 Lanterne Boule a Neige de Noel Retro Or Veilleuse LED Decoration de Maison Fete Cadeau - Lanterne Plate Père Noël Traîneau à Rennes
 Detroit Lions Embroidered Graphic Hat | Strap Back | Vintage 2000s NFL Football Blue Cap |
---
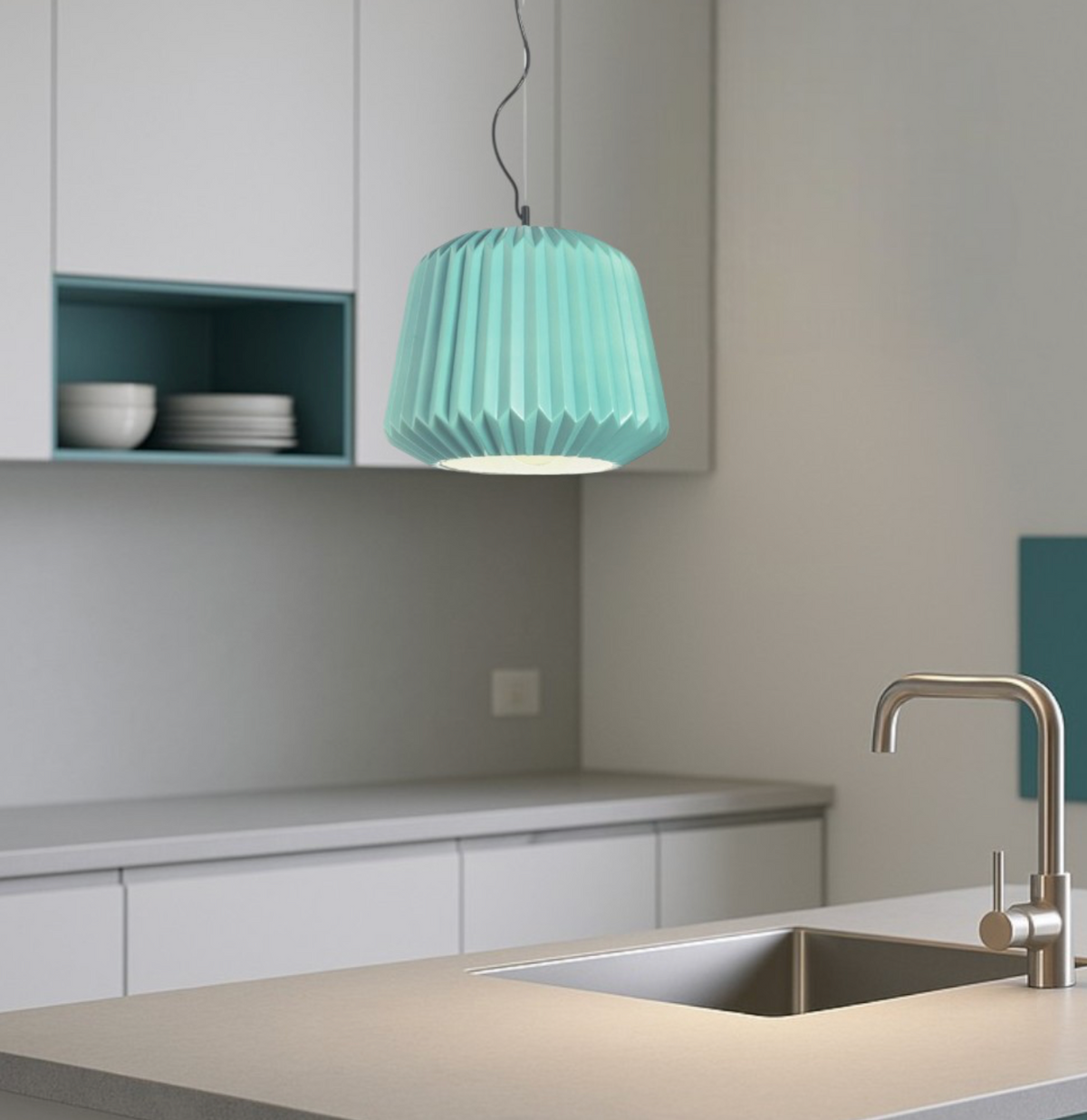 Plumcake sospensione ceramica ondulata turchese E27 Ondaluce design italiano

**Work instruction:** Print, without alteration, only the lines above between the one holding "Lanterne Boule a" and the one holding "Detroit Lions Embroidered", inclusive.

**Answer to this exercise:**
 Lanterne Boule a Neige de Noel Retro Or Veilleuse LED Decoration de Maison Fete Cadeau - Lanterne Plate Père Noël Traîneau à Rennes
 Detroit Lions Embroidered Graphic Hat | Strap Back | Vintage 2000s NFL Football Blue Cap |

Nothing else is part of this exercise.